• Work to complete: Your answer must hold only the lines below from the line containing "a shirtless soccer" through the line containing "A stylized sculpture", each reproduced exactly.
* * *
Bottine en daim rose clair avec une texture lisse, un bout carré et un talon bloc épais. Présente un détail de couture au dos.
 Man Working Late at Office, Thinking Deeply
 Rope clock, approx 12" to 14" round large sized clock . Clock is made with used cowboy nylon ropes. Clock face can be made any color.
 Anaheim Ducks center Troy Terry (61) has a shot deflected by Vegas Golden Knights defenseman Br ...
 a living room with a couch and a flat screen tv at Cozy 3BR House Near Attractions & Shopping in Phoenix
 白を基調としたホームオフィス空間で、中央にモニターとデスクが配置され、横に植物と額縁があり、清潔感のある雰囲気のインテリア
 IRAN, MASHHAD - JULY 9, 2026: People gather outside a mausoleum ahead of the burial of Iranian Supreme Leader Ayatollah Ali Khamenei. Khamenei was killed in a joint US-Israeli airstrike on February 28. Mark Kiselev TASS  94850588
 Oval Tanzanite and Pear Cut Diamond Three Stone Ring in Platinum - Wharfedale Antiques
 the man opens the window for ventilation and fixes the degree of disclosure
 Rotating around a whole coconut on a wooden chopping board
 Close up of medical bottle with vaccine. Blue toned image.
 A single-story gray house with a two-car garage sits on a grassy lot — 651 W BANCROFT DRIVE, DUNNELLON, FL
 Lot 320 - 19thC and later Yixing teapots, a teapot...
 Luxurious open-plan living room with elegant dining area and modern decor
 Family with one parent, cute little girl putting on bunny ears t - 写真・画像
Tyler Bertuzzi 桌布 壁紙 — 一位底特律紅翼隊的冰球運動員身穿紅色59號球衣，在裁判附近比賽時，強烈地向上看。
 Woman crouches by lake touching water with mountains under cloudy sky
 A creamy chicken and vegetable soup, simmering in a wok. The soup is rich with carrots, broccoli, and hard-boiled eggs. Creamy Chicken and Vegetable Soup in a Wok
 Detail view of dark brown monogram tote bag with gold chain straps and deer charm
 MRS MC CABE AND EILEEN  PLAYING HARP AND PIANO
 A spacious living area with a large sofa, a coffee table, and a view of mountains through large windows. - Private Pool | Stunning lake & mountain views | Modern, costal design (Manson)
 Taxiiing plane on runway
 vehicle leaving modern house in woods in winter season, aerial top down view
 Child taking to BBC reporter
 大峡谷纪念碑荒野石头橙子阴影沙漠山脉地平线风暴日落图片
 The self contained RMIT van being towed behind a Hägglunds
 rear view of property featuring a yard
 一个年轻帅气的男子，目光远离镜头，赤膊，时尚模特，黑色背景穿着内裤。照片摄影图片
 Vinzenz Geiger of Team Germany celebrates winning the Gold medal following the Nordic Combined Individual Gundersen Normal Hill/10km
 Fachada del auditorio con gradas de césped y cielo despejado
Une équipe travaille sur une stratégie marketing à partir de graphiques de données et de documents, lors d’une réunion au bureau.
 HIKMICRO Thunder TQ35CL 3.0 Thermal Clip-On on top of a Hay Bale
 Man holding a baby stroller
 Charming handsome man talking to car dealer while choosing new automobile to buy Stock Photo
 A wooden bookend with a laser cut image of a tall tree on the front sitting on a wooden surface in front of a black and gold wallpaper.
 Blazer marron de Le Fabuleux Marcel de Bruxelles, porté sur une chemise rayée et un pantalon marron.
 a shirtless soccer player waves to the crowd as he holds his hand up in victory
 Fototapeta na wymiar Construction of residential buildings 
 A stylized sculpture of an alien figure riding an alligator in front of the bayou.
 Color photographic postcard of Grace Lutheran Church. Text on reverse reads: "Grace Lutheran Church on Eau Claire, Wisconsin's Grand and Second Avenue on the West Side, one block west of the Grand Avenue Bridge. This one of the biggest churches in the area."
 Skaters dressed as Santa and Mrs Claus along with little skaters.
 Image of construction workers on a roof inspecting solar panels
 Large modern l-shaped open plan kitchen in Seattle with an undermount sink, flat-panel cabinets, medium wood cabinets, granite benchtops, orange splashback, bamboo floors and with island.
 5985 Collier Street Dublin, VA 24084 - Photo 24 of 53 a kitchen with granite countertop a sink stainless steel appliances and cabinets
* * *
• Answer to this problem:
 a shirtless soccer player waves to the crowd as he holds his hand up in victory
 Fototapeta na wymiar Construction of residential buildings 
 A stylized sculpture of an alien figure riding an alligator in front of the bayou.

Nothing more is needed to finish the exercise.